The present invention relates to improvements in so-called ratchet type claw clutches or safety clutches. More particularly, the invention relates to improvements in clutches of the type wherein the claws of a rotary driving clutch element normally mesh with the claws of a rotary driven clutch element to transmit torque to one or more components which are rotated by the driven clutch element, and wherein one of the clutch elements is biased axially toward the other clutch element.
It is known to install in a power tool a safety clutch normally transmits torque to a tool spindle or the like and becomes disengaged when the driven clutch element offers excessive resistance to rotation with the driving clutch element. The two clutch elements are mounted and are rotatable on a common shaft and at least one thereof is movable axially against the opposition of biasing means to disengage its claws from the claws of the other clutch element when the resistance which the driven clutch element offers to rotation reaches a preselected value or when the speed of the driven clutch element exceeds the speed of the driving clutch element. The clutch elements may constitute disks or rings and may form part of or may be rigidly connected to pinions, gears or the like. The resistance which the axially movable clutch element must overcome in order to permit a disengagement of the clutch can be regulated by changing the bias of the spring or springs which urge the claws of the clutch elements into mesh with each other.

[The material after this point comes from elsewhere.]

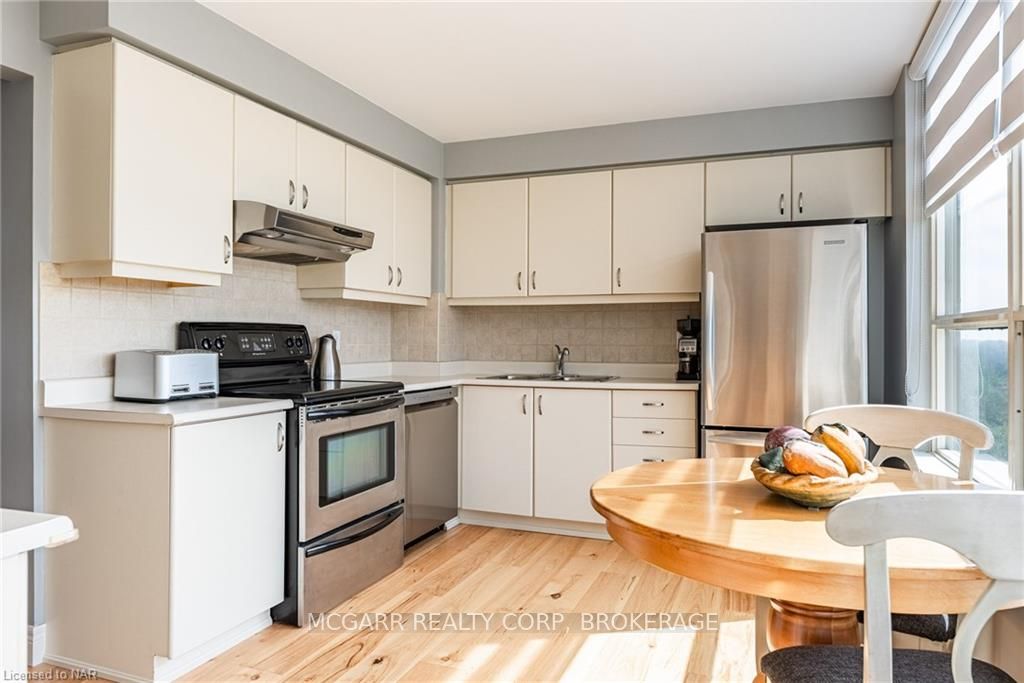 Photo 14 of Unit 908, 3 Towering Heights Boulevard, St. Catharines, Glendale/Glenridge — HOMEH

For example, when a safety clutch of the just described character is installed in a portable power tool wherein a pneumatic or electric motor normally rotates a screwdriver, a drill or another rotary tool, the clutch insures that the operator is not injured when the tool ceases to rotate or the rotational speed of the tool decreases because the working end of the tool encounters excessive resistance to penetration into or rotation of a workpiece or the like. As a rule, the claws of the clutch elements in ratchet type safety clutches have abutting inclined surfaces which transmit torque under normal circumstances but slide over each other when the tool jams or its rotational speed decreases. Once the clutch is disengaged, the claws of the driving clutch element ride over the claws of the driven clutch element, thereupon enter the spaces between the claws of the driven clutch element, again ride over the claws of the driven clutch element, and so on until the resistance of the driven clutch element decreases or the motor which drives the driving clutch element is arrested. The magnitude of the so-called disengaging moment (at which the driving clutch element becomes disengaged from the driven clutch element) is relatively high, depending on the bias of the clutch spring(s), and the magnitude of the moment which remains and tends to reengage the clutch while the driving clutch element rotates relative to the driven clutch element is also relatively high. In most instances, the remaining or reengaging moment equals or approximates 90 percent of the disengaging moment. This causes excessive wear on the elements of the clutch and compels the operator to exert a very substantial effort in order to hold the housing of the power tool against rotation. The remaining or reengaging moment (while the clutch is disengaged and while the driving clutch element continues to rotate) is less than the disengaging moment because friction between the abutting surfaces of clutch elements is less when the driving clutch element rotates with respect to the driven clutch element. This is due to the fact that the force with which the material of the driving clutch element tends to adhere to the material of the driven clutch element in engaged condition of the clutch (factor .mu.) is higher than when the claws of the driving clutch element ratchet over the claws of the driven clutch element.